[[ DATA IN THIS EXERCISE open ]]

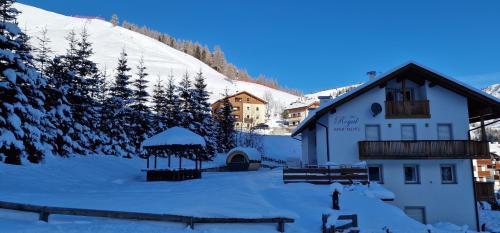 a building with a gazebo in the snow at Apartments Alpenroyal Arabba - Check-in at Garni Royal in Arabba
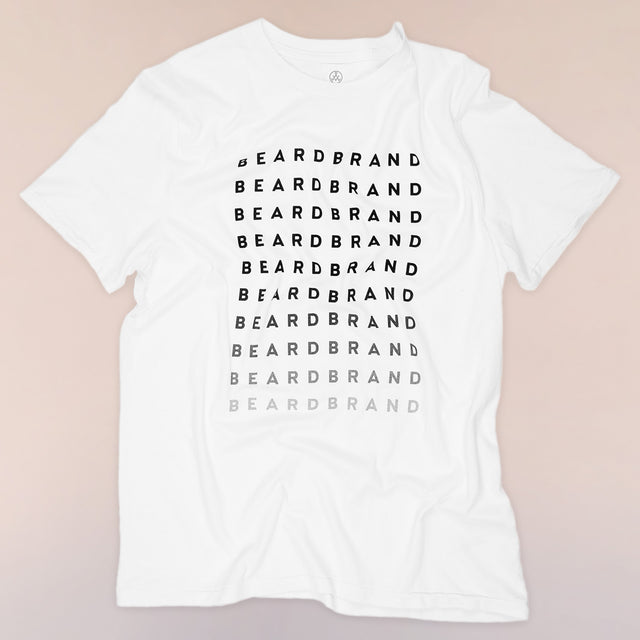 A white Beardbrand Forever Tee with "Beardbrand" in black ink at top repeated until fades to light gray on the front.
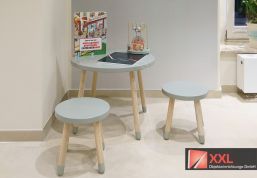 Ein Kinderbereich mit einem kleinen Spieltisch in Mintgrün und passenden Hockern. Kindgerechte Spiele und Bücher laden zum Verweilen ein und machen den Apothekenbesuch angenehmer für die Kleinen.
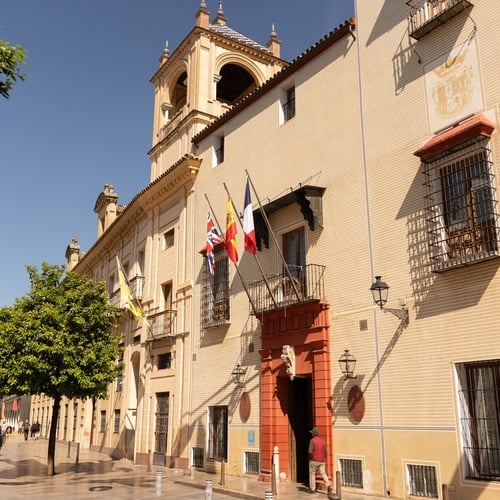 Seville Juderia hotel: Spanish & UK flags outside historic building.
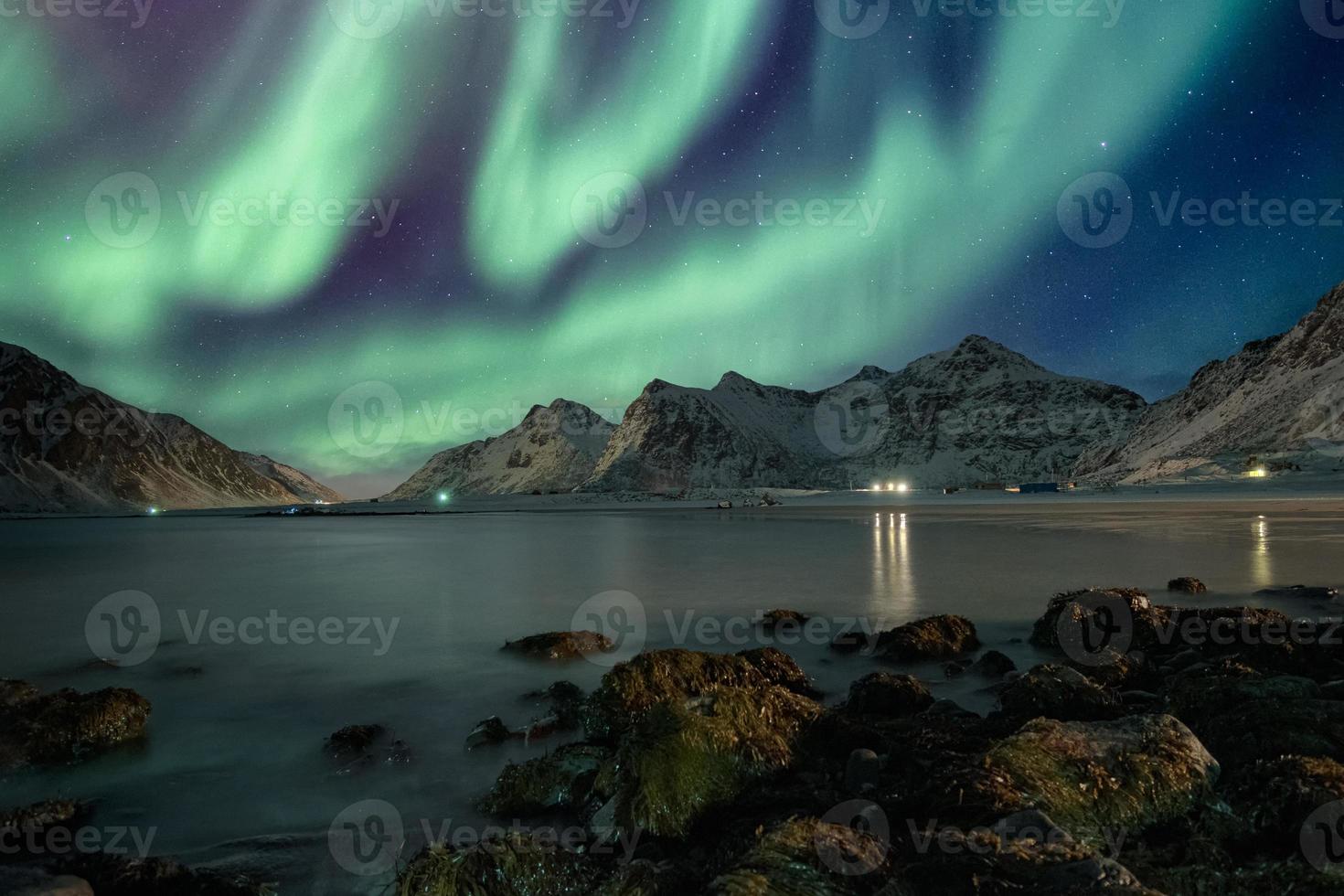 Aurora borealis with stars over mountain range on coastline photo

[[ DATA IN THIS EXERCISE closed ]]

# YOUR INSTRUCTIONS
Word for word, give the data above again, without any images.

# RESULT FOR THIS TASK
 a building with a gazebo in the snow at Apartments Alpenroyal Arabba - Check-in at Garni Royal in Arabba
 A white Beardbrand Forever Tee with "Beardbrand" in black ink at top repeated until fades to light gray on the front.
 Ein Kinderbereich mit einem kleinen Spieltisch in Mintgrün und passenden Hockern. Kindgerechte Spiele und Bücher laden zum Verweilen ein und machen den Apothekenbesuch angenehmer für die Kleinen.
 Seville Juderia hotel: Spanish & UK flags outside historic building.
 Aurora borealis with stars over mountain range on coastline photo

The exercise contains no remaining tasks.